St. Augustine and John Newton: Influential Sinners

A study of the life of St. Augustine brings to mind the life of another man of historical significance--slave trader John Newton. Both men were alike in three ways: they led sinful lives while trying to avoid the truth of the gospel, they had godly mothers who cared about their spiritual conditions, and they both went on to write about their sinful pasts in the hopes of being a positive influence on the lost.

Like many young men living in the declining days of the Roman Empire, Augustine sought to indulge himself in as many selfish endeavors as possible while claiming to be searching for the truth. He abandoned the Christian teachings of his mother to pursue the cult-like religion of Manicheism. His religion allowed him to seek worldly pleasures while he supposedly searched for the truth, but after he read the Greek classics and still did not find satisfying answers, Augustine turned to Paul's gospel letters, and the change in his life began. Like Augustine, John Newton led a life made even more wicked by the fact that he committed every cruel act associated with slavery. He also rejected the Christian teachings of his childhood. Through a series of unfortunate circumstances, Newton was press-ganged into naval service and later endured abuse as the servant of a slave trader in Africa. He had been living as an "infidel and libertine" when a storm at sea forced him to turn to God. The Imitation of Christ by Thomas a'Kempis and the Bible began to have a strong impact on his spirit as Newton began to turn to the Lord.

It is said in Proverbs 22:6 that parents should "train up a child in the way he should go, and when he is old he will not depart from it." The mothers of Augustine and Newton believed in this and their efforts helped lead to their sons' salvations later in life. As Augustine's mother Monica watched her son drift farther from the faith she had taught him as a child, she grieved to think that he might never return to God. Augustine writes of her constant prayers and tears for him, saying that she "suffered greater pains" in his "spiritual pregnancy" than when she originally gave birth to him. He also writes of her ecstatic joy when her years of faithful prayers were finally answered when he chose to follow Christ. Newton was also blessed with a devout mother who knew the importance of teaching her son how to read Scripture and to memorize hymns and the Reformed catechism while he was quite young. Newton's mother died when he was six, and his father, stepmother, and others did nothing to encourage him in his faith. But the influence of those early Christian teachings could never be erased, even when he was living deeply in sin, and later the prayers of his future wife, Mary Catlett, helped lead him back to the God he had known as a child.
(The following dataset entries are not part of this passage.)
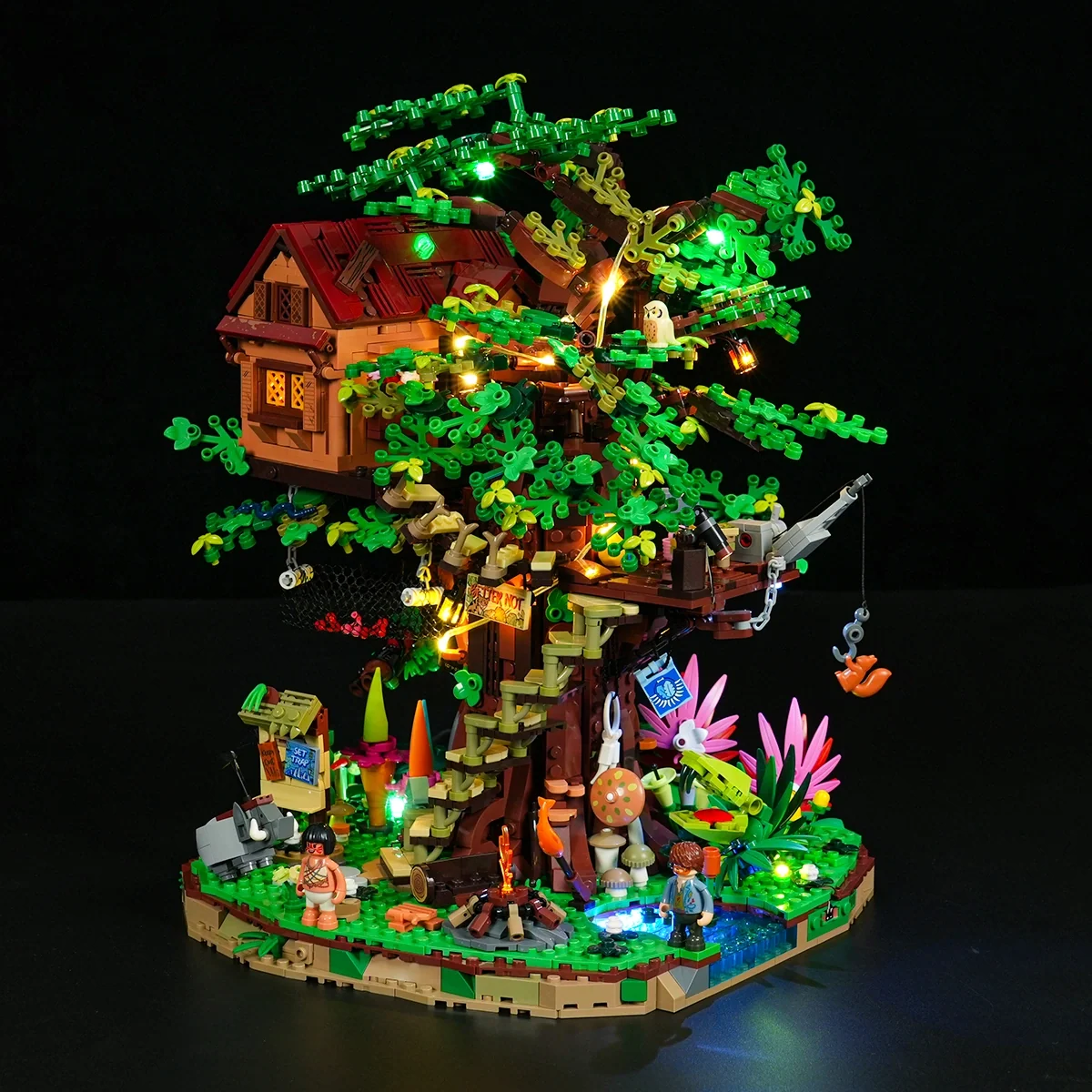Explorer Treehouse Jungle Building Set with Lights
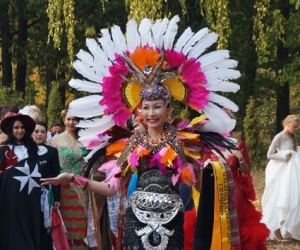 17. LEE CHONG MALAYSIA - Mrs angel Heart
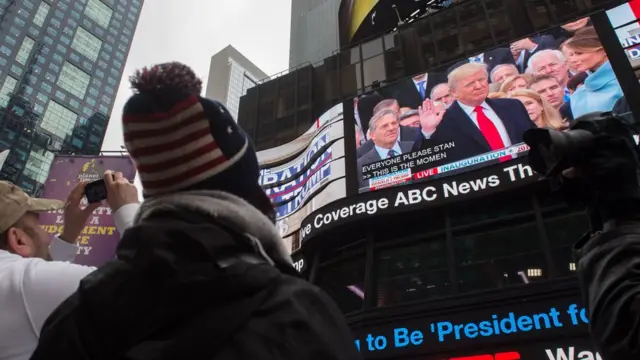 Transmisión del juramento de Donald Trump en Time Square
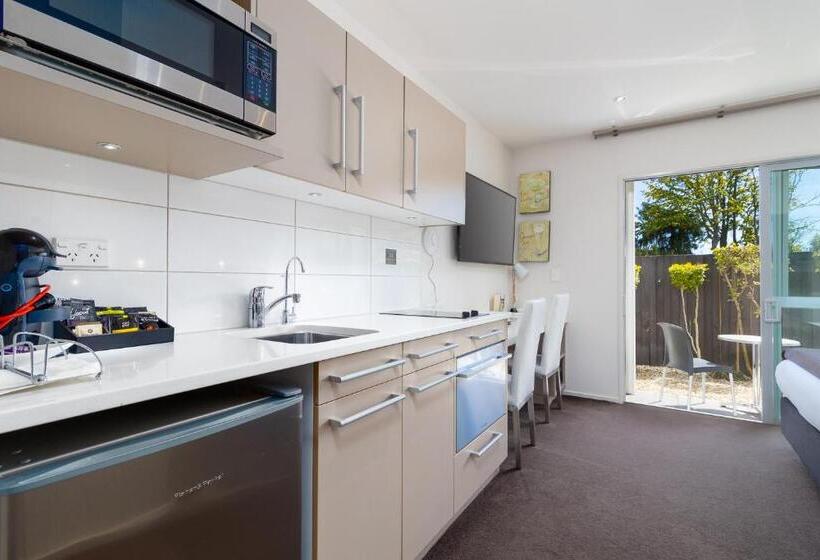 إستوديو قياسى, Century Park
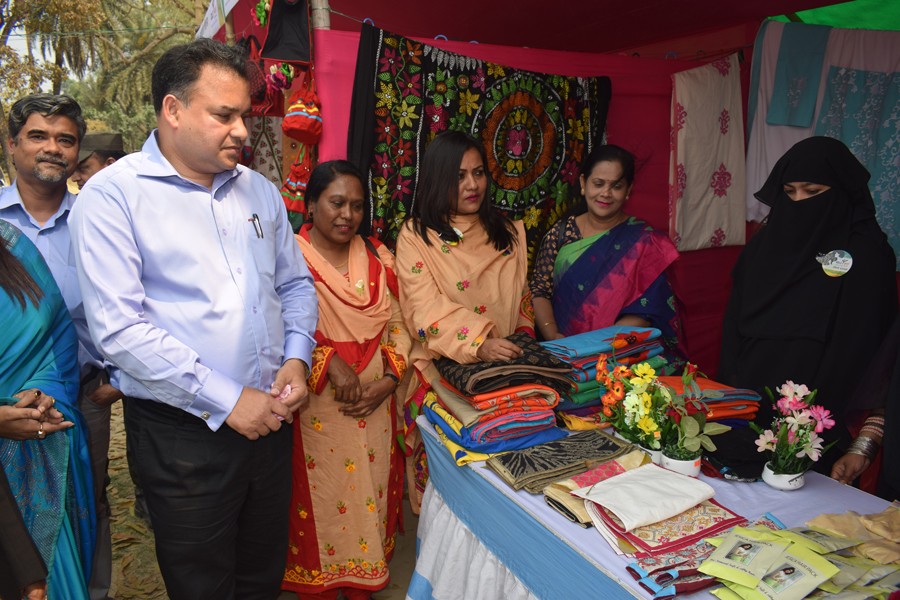 IDLC arranges "Purnota Fair 2018" at Jessore Zilla School
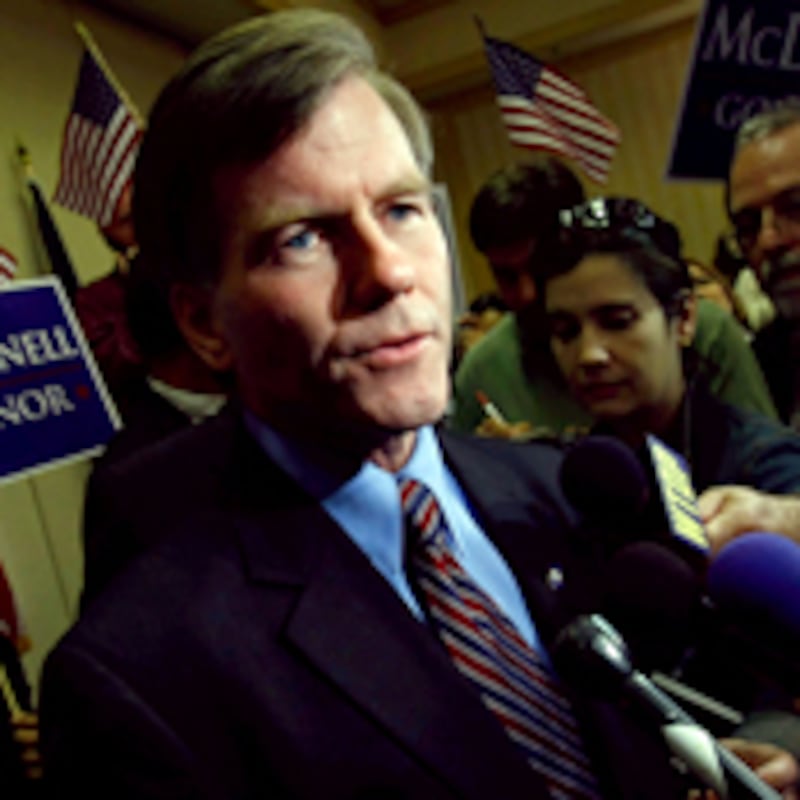 articles/2009/10/19/pat-robertsons-manchurian-candidate/blumenthal-bob-mcdonnell_57227_taxpy6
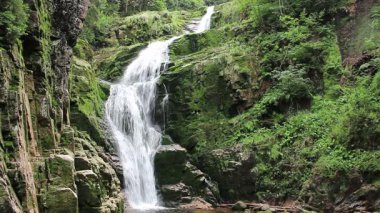Büyülü Kamienczyk Şelalesi. Polonya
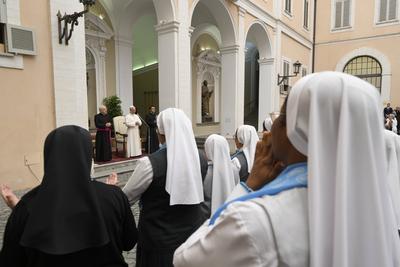 ITALY - POPE LEO XIV IN THE COURTYARD OF THE APOSTOLIC PALACE OF CASTEL GANDOLFO , ITALY - 2025/7/12-stock-foto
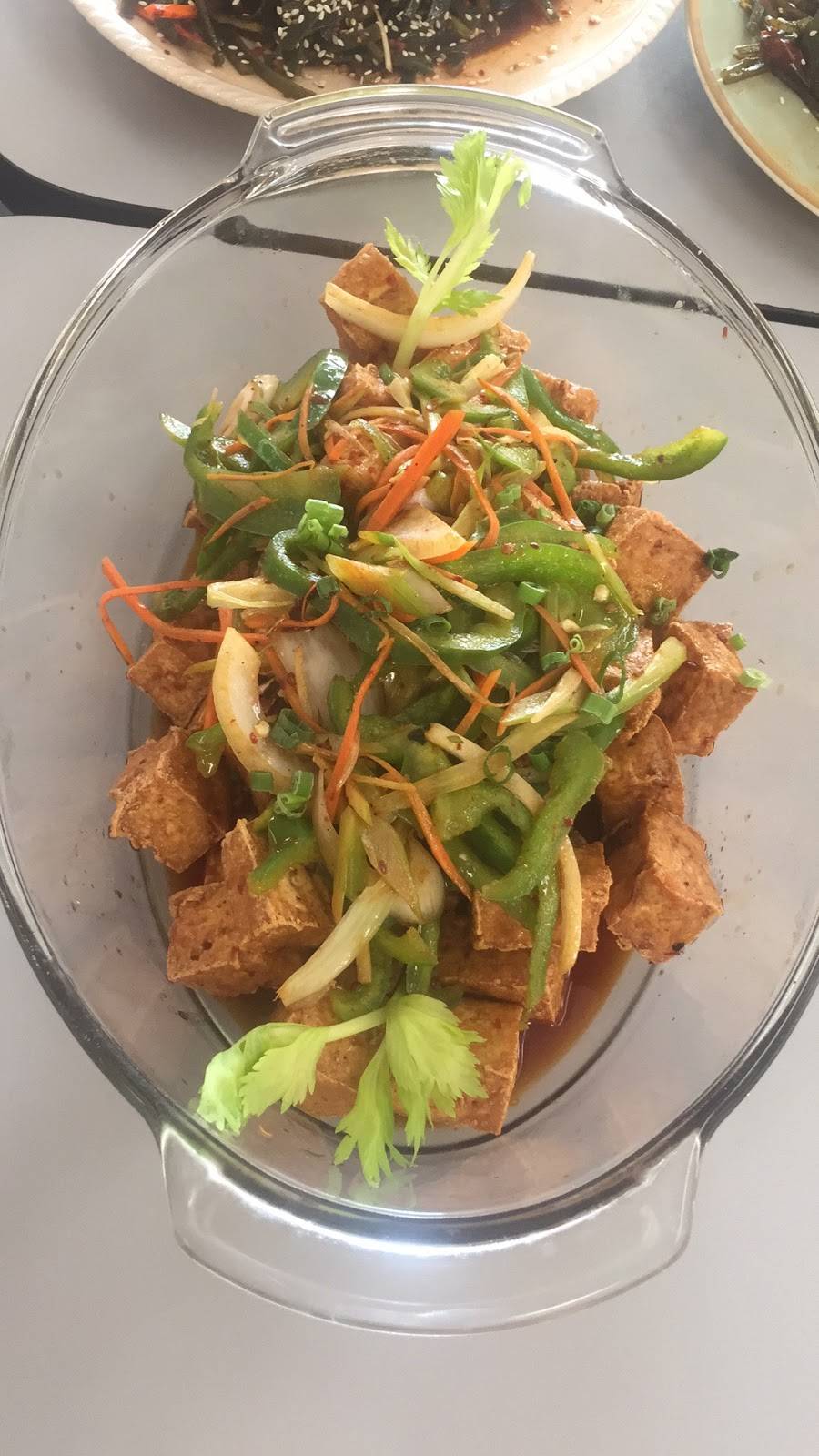 Chopsticks | restaurant | 2000 Avondale Dr Ste B, Durham, NC 27701, USA | 9192201188 OR +1 919-220-1188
Both Augustine and Newton felt led in their later years to to share with others how terribly they had fallen into sin and how great was the God who pulled them out and forgave them. Augustine wrote a detailed account of his past life in his Confessions. It reads like a letter or journal to God Himself, and because it is so deeply personal, Confessions is often considered the first true autobiography in literature (others had been written before but were not so personally revealing). Today theology students study the contributions of St. Augustine because of their great impact on Christian thought and doctrine. John Newton's most influential written work may not have the length of Augustine's, but the few verses of "Amazing Grace" are beloved around the world. Newton, along with some help from William Cowper, wrote many hymns, but the words of the lost, blind person in "Amazing Grace" are the ones that have touched more hearts than perhaps any other hymn in history. Not only did Newton influence millions with "Amazing Grace," but years after his slave trading days were over and he had become a respected clergyman, he also influenced Parliament to abolish the slave trade in England.

Augustine wrote that "those who are known to many are to many a personal influence to salvation." Both Augustine and Newton were infuenced by others and were an influence themselves, both good and bad. The same thing can be said of great literature as it continues to speak to us, and our words and actions today can be an influence for ages yet to come.